▶ **Work item**
A faithful copy of the data, pictures omitted, is the required answer.

▶ **Information provided**

________________________________________

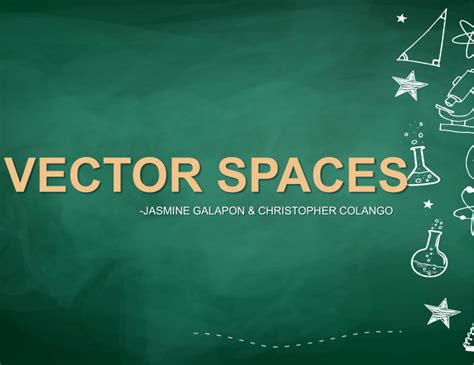 Image result for Vector Spaces Basics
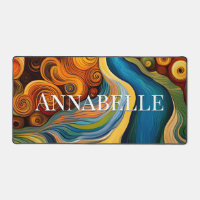 Abstract Modern Art Colour Swirls Monogram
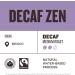 ZEN DECAF Whole Bean Organic Coffee | Medium Roast | Natural Water Decaffeinated Specialty Grade Espresso Machines Grinder | Sustainably Roasted in Canada | Caf William | D caf Biologique en grains - 650 g (2 pack) DECAF ZEN 650 g (Pack of 2) - Buy Online on GoSupps.com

________________________________________

▶ **Response box**
 Image result for Vector Spaces Basics
 Abstract Modern Art Colour Swirls Monogram
 ZEN DECAF Whole Bean Organic Coffee | Medium Roast | Natural Water Decaffeinated Specialty Grade Espresso Machines Grinder | Sustainably Roasted in Canada | Caf William | D caf Biologique en grains - 650 g (2 pack) DECAF ZEN 650 g (Pack of 2) - Buy Online on GoSupps.com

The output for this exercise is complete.